> [Task directions]
When you reach the line that contains "Compression Socks White" below, transcribe it and each line after it word for word to the end of the records, omitting pictures.

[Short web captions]
■ ■ ■

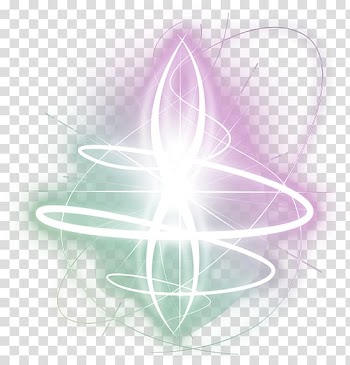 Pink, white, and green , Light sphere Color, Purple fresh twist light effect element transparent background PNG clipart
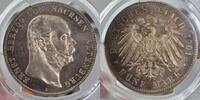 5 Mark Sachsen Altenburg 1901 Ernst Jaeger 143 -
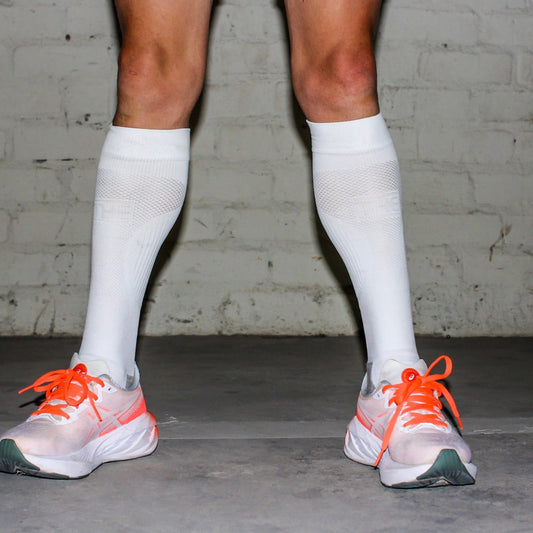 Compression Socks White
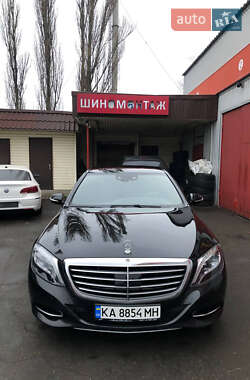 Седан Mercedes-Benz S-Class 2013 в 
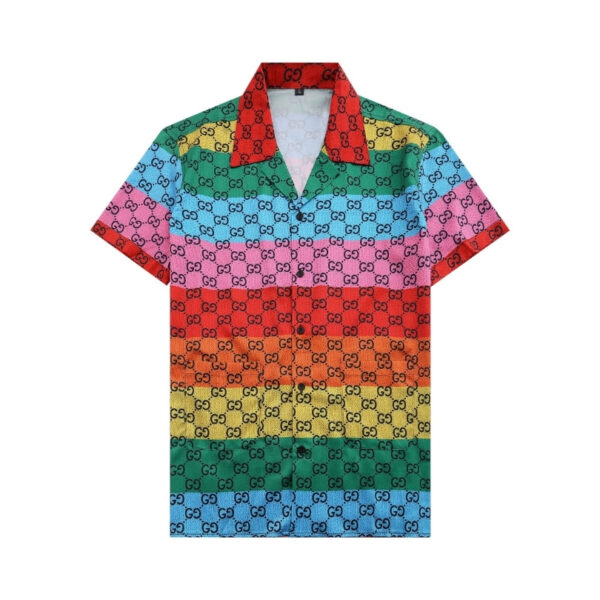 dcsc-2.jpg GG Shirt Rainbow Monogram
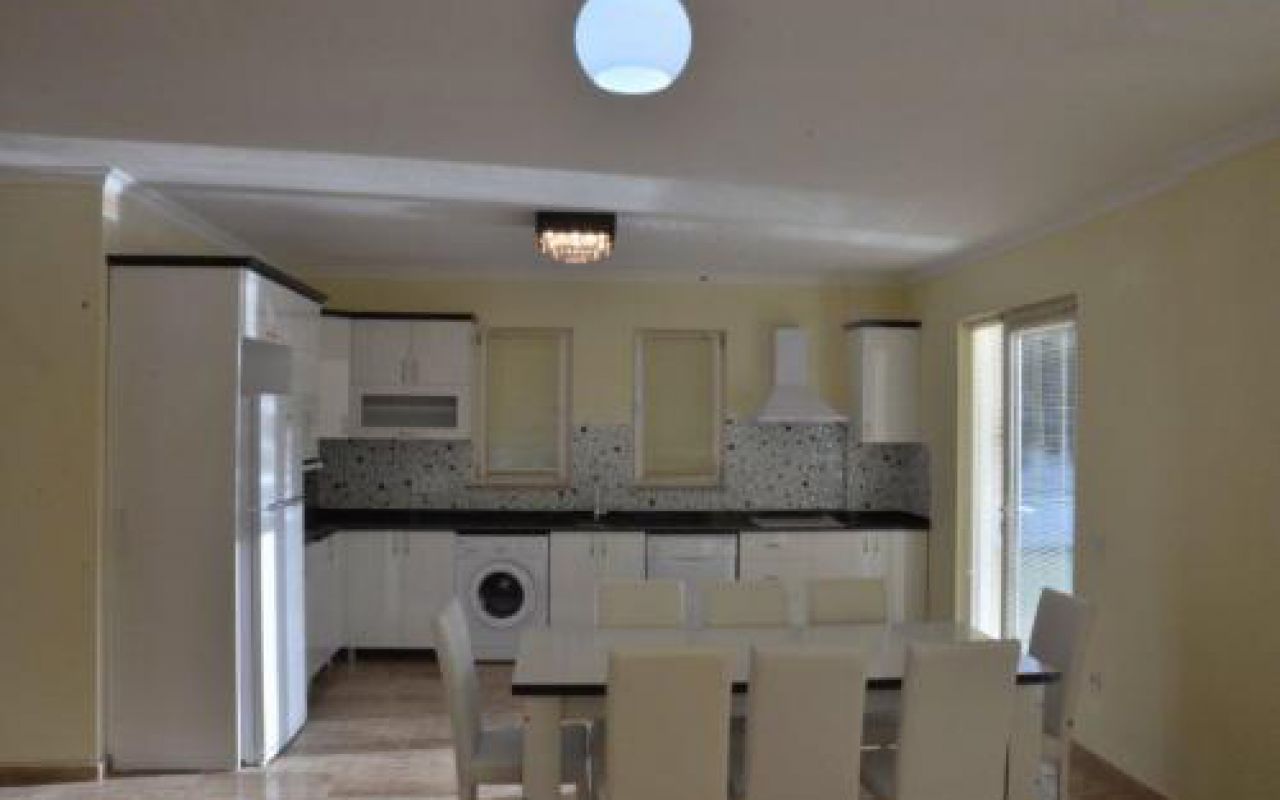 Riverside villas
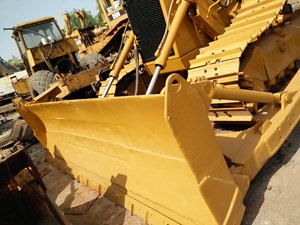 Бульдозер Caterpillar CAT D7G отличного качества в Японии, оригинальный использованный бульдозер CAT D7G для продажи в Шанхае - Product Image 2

■ ■ ■

> [Written answer]
 Compression Socks White
 Седан Mercedes-Benz S-Class 2013 в 
 dcsc-2.jpg GG Shirt Rainbow Monogram
 Riverside villas
 Бульдозер Caterpillar CAT D7G отличного качества в Японии, оригинальный использованный бульдозер CAT D7G для продажи в Шанхае - Product Image 2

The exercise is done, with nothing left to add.